I went to SPI today – Solar Power International. It’s the premier solar conference of the globe, with 15,000 attendees and over 600 vendors. This year’s conference was in Anaheim. Perhaps I wished it was in a more exotic location, but the purpose was to stay current with the industry – not an excuse to travel.
Although not exotic, one big perk to Anaheim is they have a train station. Taking the train means a several-hour round-trip of distraction-free work, not only does this provide an opportunity to write a sentence with 3 hyphenated words, but also a complete blog post. Sullivan Solar Power’s headquarters in San Diego is exactly NOT a distraction-free environment; we are growing rapidly and growth means activity and organized chaos. I’ve written blogs before that literally took me 3 or 4 sessions to complete.
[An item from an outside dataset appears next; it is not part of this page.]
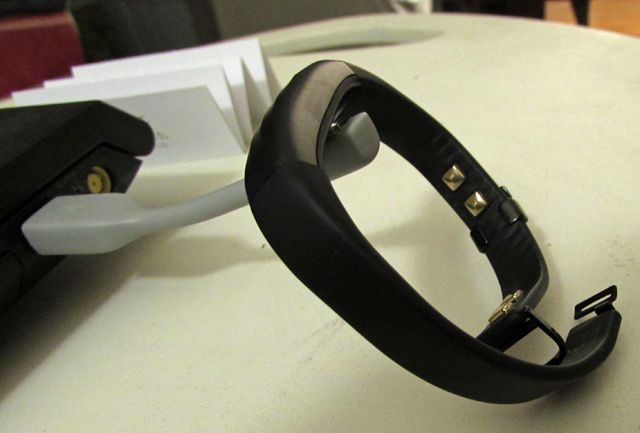 Jawbone UP3, fitness, rastreador, banda, pasos, sueño, frecuencia cardíaca, monitoreo, salud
I wanted to start off by attending the Connected Home 2.0: Where Solar, Storage, Smart Energy Management, and the Advanced Grid Intersect. However, this session filled up before I could get in. Instead I headed over to Concentrating Solar Power’s Present and Future: A CEO Conversation for a chat about salt towers.
Next was Surviving in a Highly Competitive Environment. This session touched on where the market is going, what we’ve learned from previous mistakes – and most important, the post-ITC world. Some folks describe the post-ITC scene as post-apocalyptic, maybe something like Mad Max. Others were less doomsday and say we’ll all get through it with some belt tightening. Personally, I think the view from your window will depend on how prepared your company is – companies already struggling to stay afloat before the ITC goes away will quickly drown. The companies who stay afloat long enough will end up taking a larger share of the market as a result. It might be as simple as discovering who can cut costs by 30% and pass it onto the customer. One thing is certain – we’ll all find out just how cheap solar can go.
I came and went through a few more sessions, but most of my remaining time was spent on the floor walking vendor’s booths and displays. Panel cleaning, every kind of roof mount you could ever hope to see, thin-film technology – even tractors equipped to push sun-tracking system posts into the ground. I saw a lot of Chinese companies, but can’t tell you exactly what most were selling. They seemed to not know themselves – they just know they can make just about anything you want.
Being in the solar industry for 5 years now, I don’t feel like a seasoned industry insider, but the reality is that’s a long time in solar. That becomes apparent when I notice even the type of people who attend trade-shows has changed in the last few years – it’s less blue-collar now, more executives in suits. Conversations among attendees seem to be in the complex strata of finance and investment. On one hand this is a sign that well-funded players see a bright future in solar, however, it also means the days of the local mom-and-pop solar business are numbered. Some of the very people who helped ignite the solar industry will soon find they don’t have the business acumen to stay in the game. Kinda sad, but that’s the nature of things.
Overall it was a great experience today. I learned stuff, and that’s why I went.